That said, while Parsons is appreciative of the “beauty and depth of commitment” of abstract expressionism, it is not accurate to describe abstract expressionist art as an “impasse.” Abstract expressionism does things with feeling and form that realism, particularly figurative realism, cannot. Abstract expressionism, as with other artistic innovations, also challenges and broadens aesthetic sensibility.
One such challenge is seen in the old misconception, repeated in the article, that abstract expressionist art depicts “nonrepresentational imagery.” This is incorrect, and Parsons himself goes on to say that overwhelming emotion and trauma is “palpably expressed” in the work. Aestheticians make the distinction between resemblance and representation. Representation is clearly manifested in abstraction.
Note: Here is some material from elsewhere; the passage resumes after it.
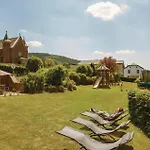 Haus Engel-emmanuel Hébergement de vacances *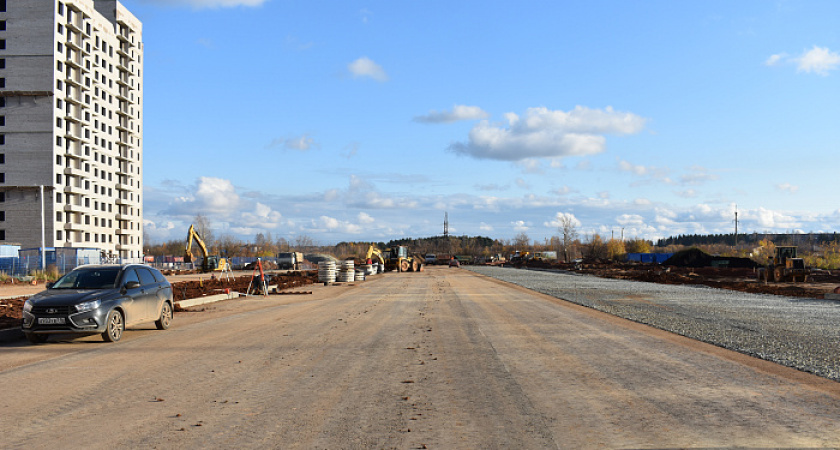    Фото правительства Кировской области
If objectively sourced emotional and traumatic response to “fascism and war” are “palpably expressed” (i.e., represented) by the abstract expressionists, how can it be said that the artists were “cutting themselves off from the source of important artistic work, the aesthetic confrontation with the objective world of nature, society and human relationships?” The proposition is ontologically untenable.
Next, I am not at all that sure why the article says, “It may be tempting to speculate as to whether the art of this school will live on in the future as a living force or primarily a historical curiosity[.]” Historically, abstract expressionism is not exhausted. Contemporary artists still do abstract and abstract expressionist art, and there are still countries where abstractionism is banned, for example, North Korea.
Modern late-nineteenth-century techniques of realism, impressionism, and post-impressionism—which revolted against conventions of resemblance and representation—continue to be part of the repertoire of serious artists in the twenty-first century, as are the abstract techniques that began with Kandinsky in 1910. History also shows that where abstract art is banned, artists will eventually take it up.